Thursday 23 May 2013

Theatre Review: Henry 4

John Bell merges Shakespeare’s Henry IV Parts 1 and 2 into a 3-and-a-half hour play that draws the audience into punk-time London, mixed with a touch of the more recent London riots. The stage setting is a mismatch of shabby furniture, including an old car seat, a wall of milk crates assembled into the Union Jack, a traditional-style jukebox and a drum kit, which gets used to great effect. Stephen Curtis’ design is spot on, and leaves the audience feeling like they’re a part of the action. The shipping crate provides an interesting way to enter/exit the stage, and the ladder and pole provide height.

The production reveals a city in a state of anarchy. It presents a unique perspective on the current civil unrest in England, as well as a historical one. Henry IV is troubled by civil war, issues of state, and his son Hotspur (Jason Klarwein) is going battle mad, while Prince Hal just wants to party. And party he does in the first half of the production.

Co-directed by Bell and Damien Ryan, Henry 4 is more successful in the first half; the second half seems to drag on just a little with the comic soccer scene, which takes away from the drama of dying Henry. Even though this scene is amusing, we’re left wanting to get back to the guts of the story. 

There’s a whole lot going on in Henry 4, with humorous, camp German tourists (Nathan Lovejoy and Sean O’Shea), kilts, war scenes, picnics and a whole lot of rowdy bar scenes. Oh, and there’s also a bike courier who has accidentally stumbled across the play, who gets a lot of laughs from the audience. It’s these contemporary twists on Shakespeare’s work that transforms it from a text most have studied at some point in their lives, into an enjoyable and powerful work of theatre.

David Whitney is a tormented King who is rebelled against by his loyal followers, and Matthew Moore performs the young Hal perfectly as a young brattish hooligan, playing pranks on his friends and turning his nose up at his father. His transformation towards the end is quick, as he becomes the new King.

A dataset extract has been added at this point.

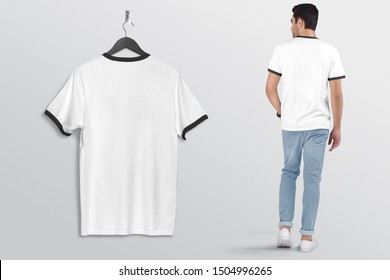 White Plan Men's Ringer T Shirt On A Man In Blue Denim Jeans Pant, Isolated, Mockup. Hanging White Blank Men's Ringer T Shirt, Against Empty Wall.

But the scene-stealer is Bell as the biker-dressed, crotch-grabbing, greedy, womaniser Falstaff. His nuanced depiction, wittily expressed lines, and alcoholic staggering around on stage makes the production an enjoyable journey to follow. He’s such an unlikeable character, that if you saw him on the bus, you couldn’t bear to sit next to him. Especially not with his slurred speech and unkempt appearance. While Bell seems to be in his prime, it’s hard to imagine Falstaff in any other way after seeing Bell’s version of him. You can see that he relishes the role that provides some of Shakespeare’s best insults.

The production focuses on Hal’s relationships with his two fathers, his real one, the King, and his surrogate one, the deceitful Falstaff. It isn’t until the last half that Hal, as the new King rejects the charismatic, yet flawed Falstaff. By this point, Hal is no longer the mischievous, party boy.

Kelly Ryall’s score (mostly performed live on the drums by the actors) furthers the grungy, modern vibe, and the chorus of “Jerusalem” was particularly fitting.

This is the perfect starting point for a Shakespeare tragedy novice; it’s an easily digested version with a fun set. It’s touching, funny, provoking and powerful, and Bell’s portrayal of Falstaff is not to be missed.